Selon Rachid Haouch, architecte, paysagiste et expert en haute qualité environnementale et environnement, ce constat s’explique d’abord par une croissance fulgurante du parc automobile s’élevant à 1 300 000 véhicules en 2014, selon les chiffres officiels. En plus, outre l’explosion urbaine, la facilité des crédits de voitures et la situation d’un transport en commun en état de décadence continue à pousser les citoyens à recourir à d’autres moyens de transport voire à se surendetter pour acquérir leurs propres véhicules, ce qui a aggravé la situation, tandis que les capacités de communication sont restées inchangées, souligne-t-il. Malheureusement, ajoute Haouch, «la politique publique de mobilité n’a pas anticipé ou du moins suivi cette évolution».

Ainsi, notre interlocuteur pointe du doigt les programmes initiés par les décideurs qui ignorent ou font l’impasse sur la notion de multi- modalité.
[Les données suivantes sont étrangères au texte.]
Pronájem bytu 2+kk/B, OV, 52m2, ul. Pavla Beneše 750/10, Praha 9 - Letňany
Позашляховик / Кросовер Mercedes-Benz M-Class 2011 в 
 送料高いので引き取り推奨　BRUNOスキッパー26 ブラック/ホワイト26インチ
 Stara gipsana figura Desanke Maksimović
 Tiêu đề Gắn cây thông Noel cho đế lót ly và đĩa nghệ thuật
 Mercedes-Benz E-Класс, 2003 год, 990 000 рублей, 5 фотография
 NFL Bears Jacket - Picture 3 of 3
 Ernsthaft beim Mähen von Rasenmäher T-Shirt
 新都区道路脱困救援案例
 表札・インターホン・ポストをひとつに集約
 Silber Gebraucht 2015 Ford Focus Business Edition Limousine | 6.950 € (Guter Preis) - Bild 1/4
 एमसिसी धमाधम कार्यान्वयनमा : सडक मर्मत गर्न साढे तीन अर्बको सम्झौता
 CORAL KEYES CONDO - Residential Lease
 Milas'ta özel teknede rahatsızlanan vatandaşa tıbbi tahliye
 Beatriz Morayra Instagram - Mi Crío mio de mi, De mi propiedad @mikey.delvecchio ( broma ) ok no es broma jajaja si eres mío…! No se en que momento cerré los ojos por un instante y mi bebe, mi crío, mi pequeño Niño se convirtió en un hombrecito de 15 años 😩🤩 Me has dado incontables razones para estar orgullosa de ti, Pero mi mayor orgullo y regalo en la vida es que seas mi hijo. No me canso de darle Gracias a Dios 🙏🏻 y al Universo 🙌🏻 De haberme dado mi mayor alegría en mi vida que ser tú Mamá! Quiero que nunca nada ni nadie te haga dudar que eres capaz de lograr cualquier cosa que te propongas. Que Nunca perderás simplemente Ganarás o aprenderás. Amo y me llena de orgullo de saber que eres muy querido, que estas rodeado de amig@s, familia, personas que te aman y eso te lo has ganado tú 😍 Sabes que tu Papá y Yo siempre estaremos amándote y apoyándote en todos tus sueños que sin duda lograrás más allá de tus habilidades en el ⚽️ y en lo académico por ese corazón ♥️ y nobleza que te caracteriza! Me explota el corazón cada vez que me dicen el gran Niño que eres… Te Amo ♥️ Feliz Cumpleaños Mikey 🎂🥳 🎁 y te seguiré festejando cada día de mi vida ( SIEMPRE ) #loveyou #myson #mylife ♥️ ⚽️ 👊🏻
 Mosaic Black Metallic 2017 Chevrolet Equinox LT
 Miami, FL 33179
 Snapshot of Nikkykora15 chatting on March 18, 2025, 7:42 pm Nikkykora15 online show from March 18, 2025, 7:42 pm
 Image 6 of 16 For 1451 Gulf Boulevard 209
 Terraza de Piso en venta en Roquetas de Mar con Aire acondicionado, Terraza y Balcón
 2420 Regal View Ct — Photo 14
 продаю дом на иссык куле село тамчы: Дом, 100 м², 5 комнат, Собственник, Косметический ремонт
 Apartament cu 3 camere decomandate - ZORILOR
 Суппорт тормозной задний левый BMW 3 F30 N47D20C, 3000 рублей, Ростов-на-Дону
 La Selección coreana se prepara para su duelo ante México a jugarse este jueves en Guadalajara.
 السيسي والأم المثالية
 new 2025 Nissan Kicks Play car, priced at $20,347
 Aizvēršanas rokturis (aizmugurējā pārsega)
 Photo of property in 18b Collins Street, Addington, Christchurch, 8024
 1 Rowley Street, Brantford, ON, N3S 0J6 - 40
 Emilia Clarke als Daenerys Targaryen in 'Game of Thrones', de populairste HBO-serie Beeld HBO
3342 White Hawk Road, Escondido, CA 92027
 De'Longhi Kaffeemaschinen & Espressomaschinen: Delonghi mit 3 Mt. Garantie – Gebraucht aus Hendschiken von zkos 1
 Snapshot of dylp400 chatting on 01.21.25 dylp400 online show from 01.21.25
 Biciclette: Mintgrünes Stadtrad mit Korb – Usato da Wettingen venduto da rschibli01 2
Cela étant dit, la ligne du tramway a contribué à l’aggravation des problèmes de circulation sur les axes les plus critiques de la ville. En fait, cette ligne se situe dans le sens contraire de la trame urbaine et historique de Casablanca, explique-t-il. En termes plus clairs, la ligne du tramway a encombré la marche normale de la circulation, comme c’est le cas au niveau du Boulevard Zerktouni.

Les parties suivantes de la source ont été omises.